You saw a gap in a process, interaction, transaction or whatever catches your fancy and then decided that the best way to fill it is to create a smartphone app. You’ve poured through designs, thought about ‘optimal user interactions’, dealt with your coding team and relentlessly tested it on every device size conceivable.
But what now?
How are you going to tell people that you have this amazing app?
Or to put it another way, as of October 2013 the Apple App Store already had a million apps, that’s 1,000,000 apps. By May 2014, the Google App Store had 1,206,758 apps (this number looks so precise that I’m skeptical of it, just because, I suppose). With so many apps out there, how are people going to find your app? And if you’re planning to sell this app, how are you going to get them to come the apps stores?
Show me the numbers: What VCs Want.
There is another angle, one that we’ve seen play again and again. You often have an app idea and a team of coders (if you’re lucky) but not the resources to create it on your own. You struggle and find a backer (a Venture Capitalist, an Angel or just your app’s sugar daddy). He/she agrees to pay for your app, but wants to see numbers asap. For the backer, this is a proof of concept to see if their investment (your idea) is actually going to give them any returns. The pressure then turns to downloads. As a digital agency, it becomes our task to find the best way to drive downloads to that app.
The numbers matter: App Installs Vs Active User Base.
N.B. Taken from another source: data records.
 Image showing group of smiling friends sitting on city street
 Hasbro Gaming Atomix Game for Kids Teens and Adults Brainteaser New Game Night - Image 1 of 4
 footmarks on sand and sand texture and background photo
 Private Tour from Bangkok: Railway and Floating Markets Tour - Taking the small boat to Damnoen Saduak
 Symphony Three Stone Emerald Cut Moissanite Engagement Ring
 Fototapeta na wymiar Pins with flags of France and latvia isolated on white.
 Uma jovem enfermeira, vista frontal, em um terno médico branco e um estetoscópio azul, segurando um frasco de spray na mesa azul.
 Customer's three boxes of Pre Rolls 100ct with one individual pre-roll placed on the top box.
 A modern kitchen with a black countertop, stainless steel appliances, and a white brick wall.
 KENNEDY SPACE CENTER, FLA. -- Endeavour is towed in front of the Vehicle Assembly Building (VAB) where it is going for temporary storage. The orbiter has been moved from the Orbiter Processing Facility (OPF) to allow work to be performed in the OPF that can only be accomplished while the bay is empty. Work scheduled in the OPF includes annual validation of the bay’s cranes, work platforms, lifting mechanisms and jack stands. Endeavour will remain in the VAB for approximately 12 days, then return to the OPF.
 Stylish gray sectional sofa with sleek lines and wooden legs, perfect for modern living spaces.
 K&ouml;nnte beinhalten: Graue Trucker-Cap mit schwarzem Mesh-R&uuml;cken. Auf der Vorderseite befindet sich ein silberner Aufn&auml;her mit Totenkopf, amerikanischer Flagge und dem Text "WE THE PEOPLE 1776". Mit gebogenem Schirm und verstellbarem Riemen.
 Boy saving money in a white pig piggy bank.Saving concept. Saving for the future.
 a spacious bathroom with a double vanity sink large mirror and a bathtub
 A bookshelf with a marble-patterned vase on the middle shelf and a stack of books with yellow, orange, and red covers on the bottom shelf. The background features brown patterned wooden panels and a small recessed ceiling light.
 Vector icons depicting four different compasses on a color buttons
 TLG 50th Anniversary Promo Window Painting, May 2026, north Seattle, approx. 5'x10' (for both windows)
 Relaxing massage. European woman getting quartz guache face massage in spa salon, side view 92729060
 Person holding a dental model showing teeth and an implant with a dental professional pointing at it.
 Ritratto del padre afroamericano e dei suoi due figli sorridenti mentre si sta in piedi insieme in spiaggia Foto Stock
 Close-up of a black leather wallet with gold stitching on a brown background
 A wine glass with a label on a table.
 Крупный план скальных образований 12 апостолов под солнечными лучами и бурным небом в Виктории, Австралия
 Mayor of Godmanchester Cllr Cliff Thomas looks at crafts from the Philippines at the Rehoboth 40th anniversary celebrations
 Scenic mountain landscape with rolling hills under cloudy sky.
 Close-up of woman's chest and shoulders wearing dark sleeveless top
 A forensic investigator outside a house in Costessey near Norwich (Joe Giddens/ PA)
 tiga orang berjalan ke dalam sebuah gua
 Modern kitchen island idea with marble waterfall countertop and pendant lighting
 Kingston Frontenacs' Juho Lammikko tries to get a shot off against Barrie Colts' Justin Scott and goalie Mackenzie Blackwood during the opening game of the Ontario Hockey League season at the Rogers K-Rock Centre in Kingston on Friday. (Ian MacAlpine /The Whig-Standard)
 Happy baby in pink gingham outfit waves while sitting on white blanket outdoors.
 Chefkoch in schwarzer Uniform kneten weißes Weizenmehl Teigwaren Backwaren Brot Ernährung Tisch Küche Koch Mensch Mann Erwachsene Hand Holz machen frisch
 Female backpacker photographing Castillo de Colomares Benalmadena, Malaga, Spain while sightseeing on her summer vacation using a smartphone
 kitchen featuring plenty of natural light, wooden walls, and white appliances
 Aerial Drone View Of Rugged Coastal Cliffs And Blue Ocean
This is quite straight forward: get enough downloads and traction from it, and you have a successful app. If you’re smart, you’ll collect information from users on how they use the app, what they like about it and what they don’t, and use that to improve the app over it’s lifetime. But downloads themselves aren’t enough data. You need to know your ‘active user-base’, the number of people using your app each day/week/month. In my opinion, that’s a better metric on how popular your app really is. In any case, downloads are a good way to start.
Live Case: The App that we marketed.
We recently ran a three month campaign for a venture capital funded app called ‘Book Keeper‘ (we worked on this project with Anglian Management Group). As its name suggests, Book Keeper, is an inventory, invoicing and basic accounting app that can help micro, small and medium enterprises keep an eye on how much they’ve spent this month, what’s sold, what’s left and what someone owes them. The emphasis was on marketing the app and getting people to download it.
Finding your audience: networks, demographics and advertisements.
There are several ways to do this: Google Adwords and Ad Choices (broad but interactive), LinkedIn adverts (expensive but targeted) and finally advert networks that display ads on other apps (like AdMob and InMobi). It’s not just the networks, it’s also who you target with these apps. Book Keeper wanted to start by focussing on India, and since it is an accounting app, we started by targeting people who work with finance and cash: Accountants, entrepreneurs, traders, transportation, construction, consultants and so forth. We also wanted to increase reach by looking at (don’t kill me for saying this) Tier II and Tier III cities like Amritsar, Ahmedabad, Guwahati, Bhopal and Indore to name a few. And then we started experimenting with different networks.
Facebook works: Using App-Install adverts.
Ultimately, we focussed on two networks: Facebook and InMobi. Facebook showed the fastest results with its geographic plus activity targeting and click-to-install adverts on iOS and Android. With a few tweaks and little monitoring, on budget of just Rs 2,400 (roughly $40) we were able to get 200+ downloads in two days. This worked at an average cost of just over Rs 10 ($0.18) an install. We also tried this on lower budgets, where we set a daily limit of Rs 100/day ($1.76), and easily got over 20 app installs a day. Over a period of 2-3 month, average cost still stayed at about Rs10/install. By increasing the budgets, we were able to get larger and larger install numbers while the per install cost hovered about the Rs 10 mark. Since the app is priced at Rs 628 per quarter (thats $10.50/quarter) , the per install cost of Rs 10 (or $0.18) is quiet low. Thus the cost of marketing also gets justified. For installs, thats a very low and measurable cost of getting people to see and actually install you app. It also becomes a credible number when you’re going to charge you customers each quarter.
With inMobi (and AdMob) things were not as great. For starters, both the networks don’t give you as many Indian cities or activities to target as Facebook does. Plus, they have a mandatory $10/day expense. They do let you set a cost per instal, but it seems to give results only at the higher end of the $10 scale. For me, these networks are useful when you have a larger budget or when your app is so visually appealing that a small banner advert in a third party app will catch the users’ attention.
Now you know: Experiment your way to app installs.
On the whole, app marketing is here to stay and the best way to figure out what networks and budgets work for you, is to experiment with a number of networks, demographics and budgets. With a little tinkering and a whole lot of analytics you can find your audience and get them to see the supercool solution to the problem you solved. I hope this helped you in that a little!